* [Data provided]:
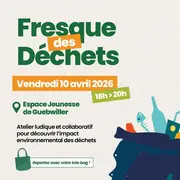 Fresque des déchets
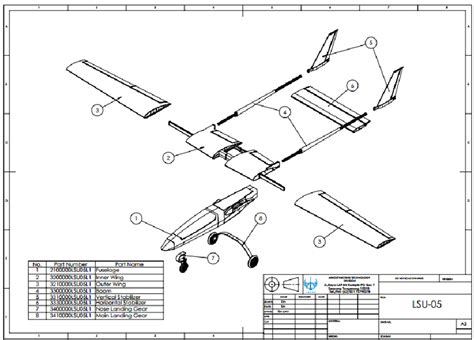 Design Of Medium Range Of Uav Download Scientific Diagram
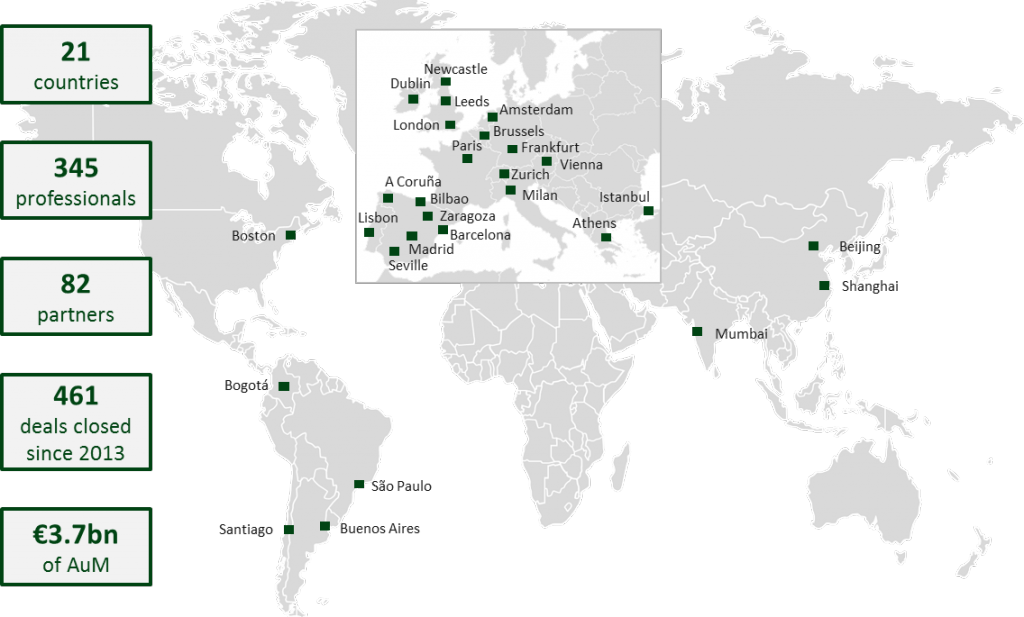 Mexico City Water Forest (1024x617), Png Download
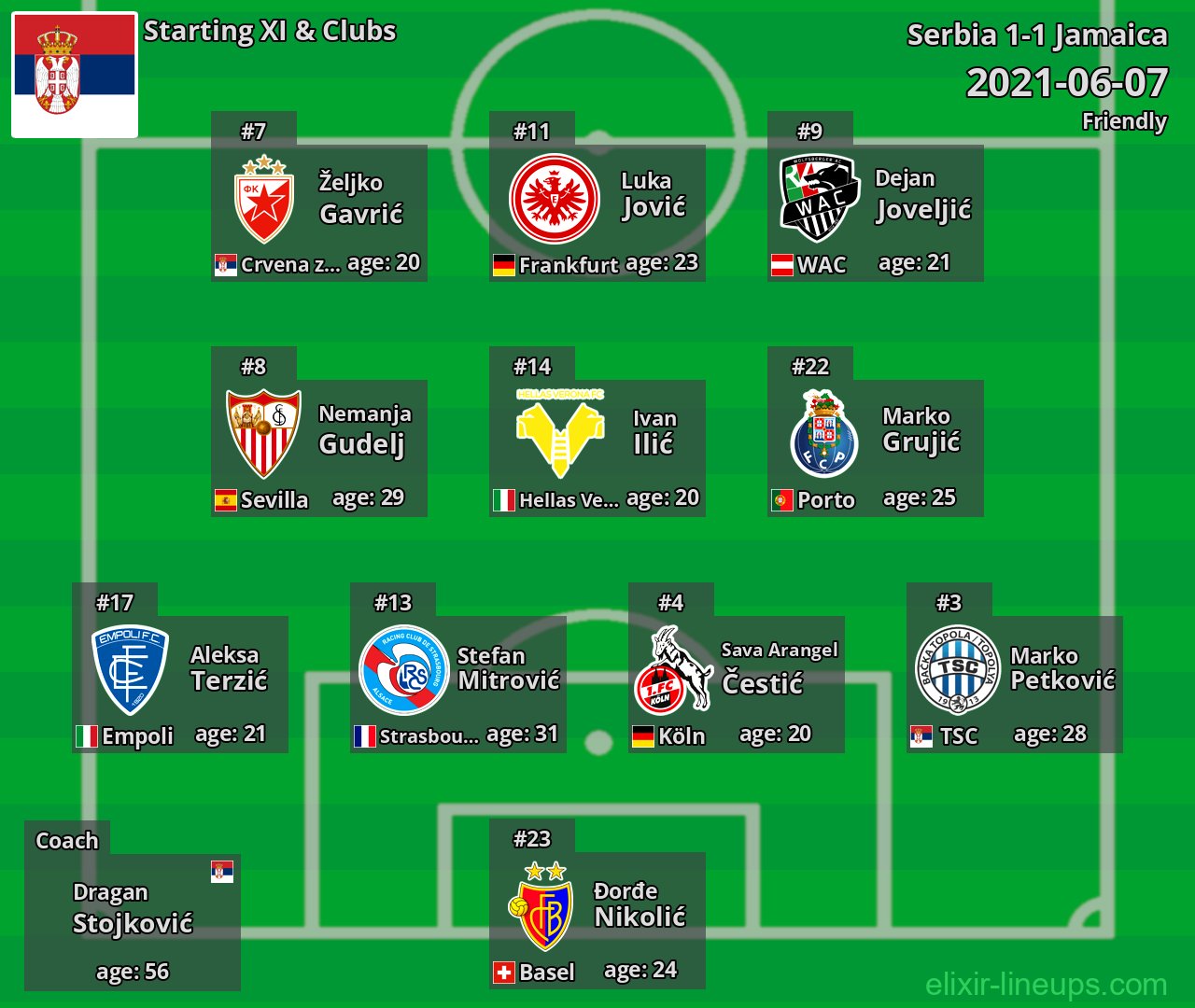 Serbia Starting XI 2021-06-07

* [Brief]: From the line containing "Mexico City Water" to the last line of the listing above, transcribe each line exactly, skipping the pictures.

* [Expected output]:
 Mexico City Water Forest (1024x617), Png Download
 Serbia Starting XI 2021-06-07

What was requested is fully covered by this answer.